* _Material for the task_:
+++

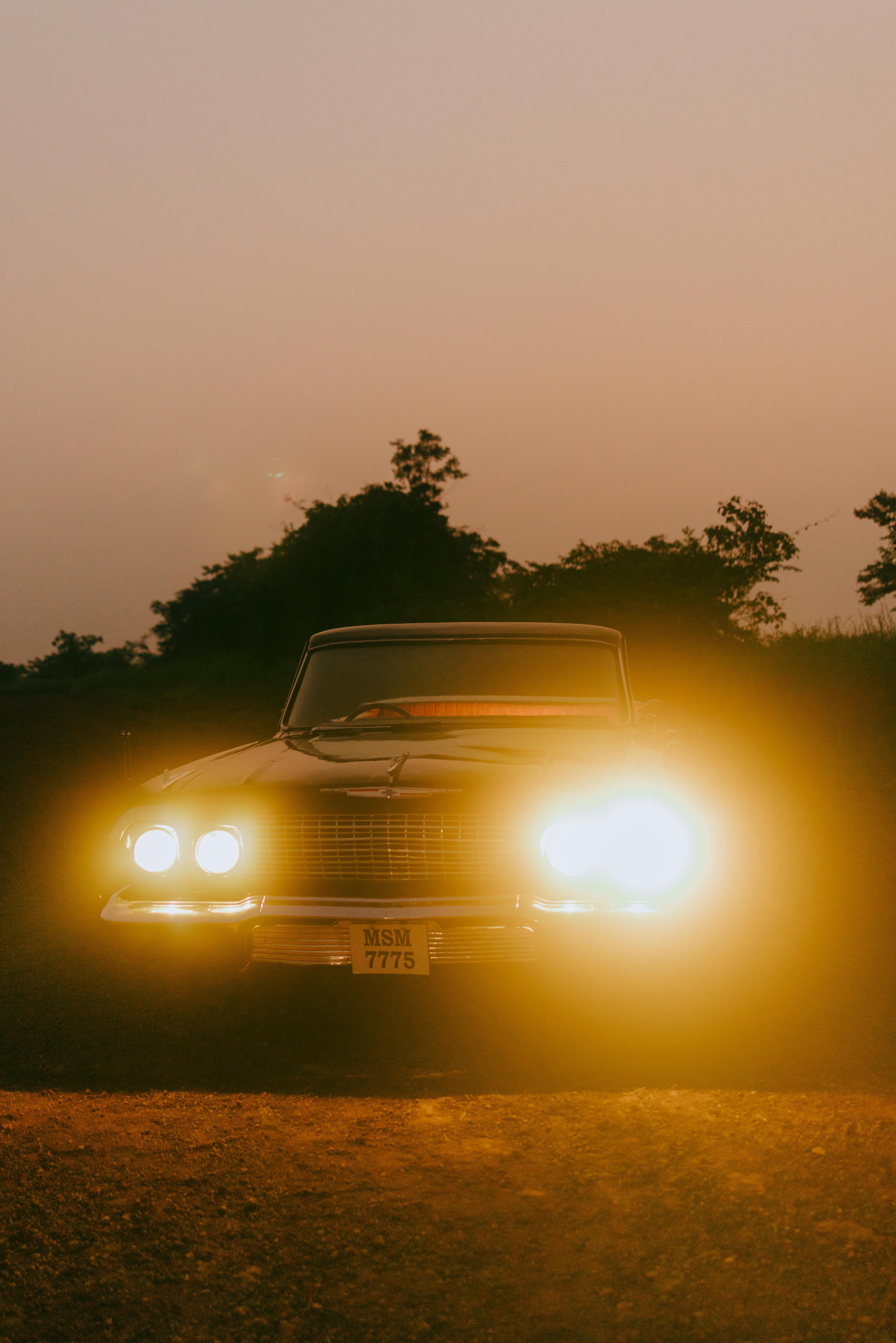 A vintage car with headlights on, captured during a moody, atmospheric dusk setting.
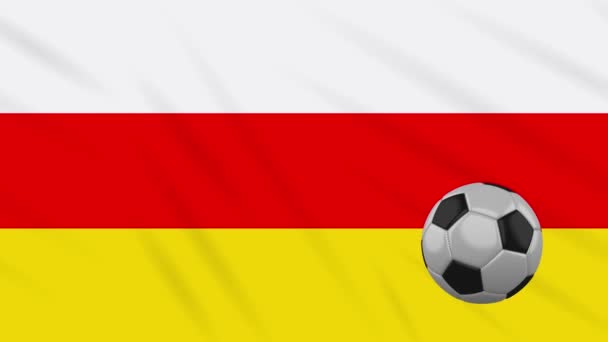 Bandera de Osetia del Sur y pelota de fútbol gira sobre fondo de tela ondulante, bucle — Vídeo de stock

+++

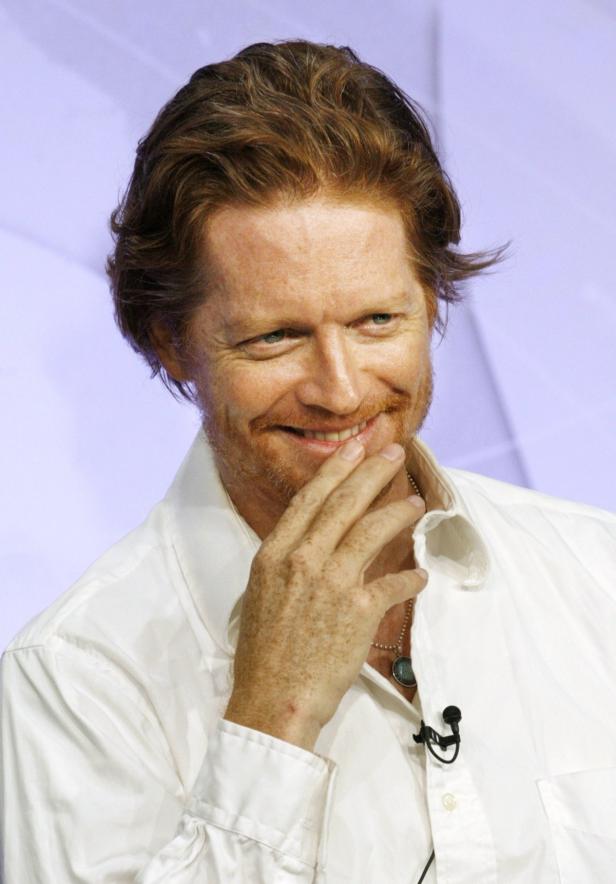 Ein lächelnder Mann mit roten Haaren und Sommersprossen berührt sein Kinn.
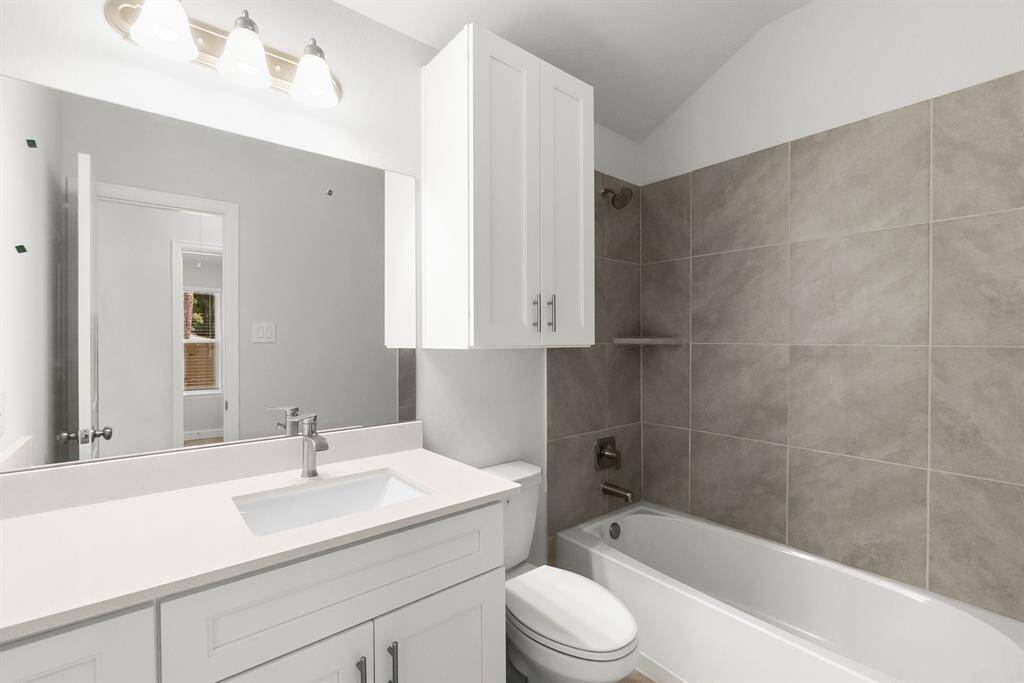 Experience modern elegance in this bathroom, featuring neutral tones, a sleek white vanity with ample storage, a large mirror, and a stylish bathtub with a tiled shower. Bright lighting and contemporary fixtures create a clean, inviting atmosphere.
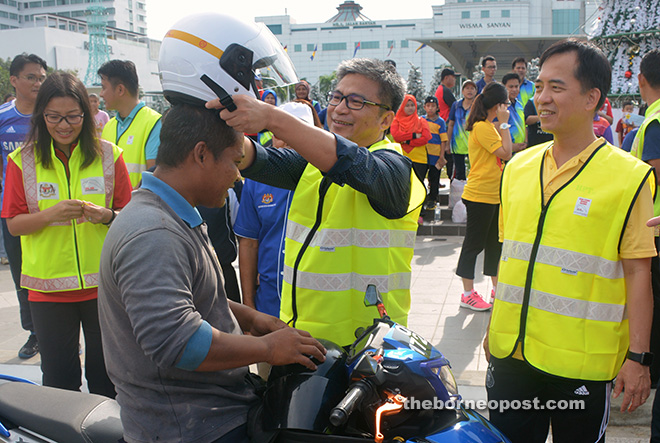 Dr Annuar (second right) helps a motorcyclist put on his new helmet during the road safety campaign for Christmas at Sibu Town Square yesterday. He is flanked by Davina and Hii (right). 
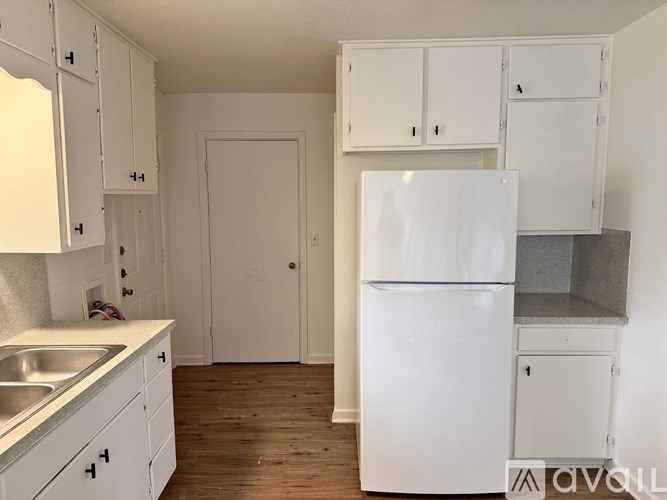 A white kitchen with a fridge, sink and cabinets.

+++

* _The task_:
From the records above, copy only the lines running from the line containing "Experience modern elegance" to the line containing "A white kitchen", both ends included. Leave the pictures out.

* _Exercise output_:
 Experience modern elegance in this bathroom, featuring neutral tones, a sleek white vanity with ample storage, a large mirror, and a stylish bathtub with a tiled shower. Bright lighting and contemporary fixtures create a clean, inviting atmosphere.
 Dr Annuar (second right) helps a motorcyclist put on his new helmet during the road safety campaign for Christmas at Sibu Town Square yesterday. He is flanked by Davina and Hii (right). 
 A white kitchen with a fridge, sink and cabinets.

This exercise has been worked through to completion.